The question however is how to share data across the application. The obvious way is to store your data in separate byte arrays an then call just before accessing that data. Unfortunately this is too slow to be useful. The alternative is to allocate a big chunk of memory when your application starts and then forward all your operations to some kind of manager class. It should be responsible for allocating empty space and freeing up used space once it’s no longer needed (so you don’t run out of memory). I have implemented those ideas in a MemoryManager class, which is part of the de.polygonal.ds.mem package:

MemoryManager.allocate(4, 1);

var bitMemory:BitMemory      = MemoryManager.getBitMemory(100);
var byteArray:ByteMemory     = MemoryManager.getByteMemory(100);
var intArray:IntMemory       = MemoryManager.getIntMemory(100);
var floatArray:FloatMemory   = MemoryManager.getFloatMemory(100);
var doubleArray:DoubleMemory = MemoryManager.getDoubleMemory(100);

The first line allocates 4 KiB of total memory and 1 KiB of special “raw” memory (e.g. useful for doing math tricks like the fast inverse square root Nicolas demonstrated some time ago). The next few lines create number arrays capable of storing bits, bytes, integers, floats and doubles respectively.
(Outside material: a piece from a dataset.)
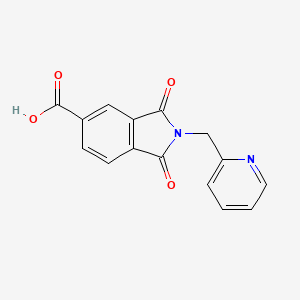 molecular formula C15H10N2O4 B2405783 1,3-dioxo-2-(pyridin-2-ylmethyl)-2,3-dihydro-1H-isoindole-5-carboxylic acid CAS No. 356578-53-5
Reading and writing values is now very straightforward:

var intArray:IntMemory = MemoryManager.getIntMemory(100);
var value:Int = intArray.get(i);
intArray.set(i, val);

This adds some overhead because each array needs to maintain an offset address and also scale the position by the size of the data type. So we need an additional add and bit shift operation. This is how the index is computed for an “integer memory array”:

memoryIndex = memoryOffset + (integerIndex << 2);

An AS3 integer is a double word so we multiply the position by 4 (8 bytes * 4 = 32bits) and add the offset.

MemoryManager internals

Individual chunks of memory are represented by a linked list of intervals which can either be empty or full. An interval is represented by a MemoryArea object that just stores it’s start and end byte inside the byte array. Empty intervals are pushed to the left (the head of the list) so finding empty space is done as fast as possible while full intervals are pushed to the right. This is how the memory areas look like after allocating the 5 memory arrays from the top example:

memory internals

blue: empty space, magenta: used space

In order to free up used space every memory array has a purge() method. Frequent allocation and deallocation will lead to fragmentation (the same basically happens to your hard drive) so the MemoryManager class has a defragment() method that will clean up the mess. Defragmentation is done automatically in case the manager isn’t able to find a sufficient big amount of continuous space for a get[Type]Memory() request. If there still isn’t enough space available after defragmentation the class will throw an error indicating that you should raise the amount of bytes for your application.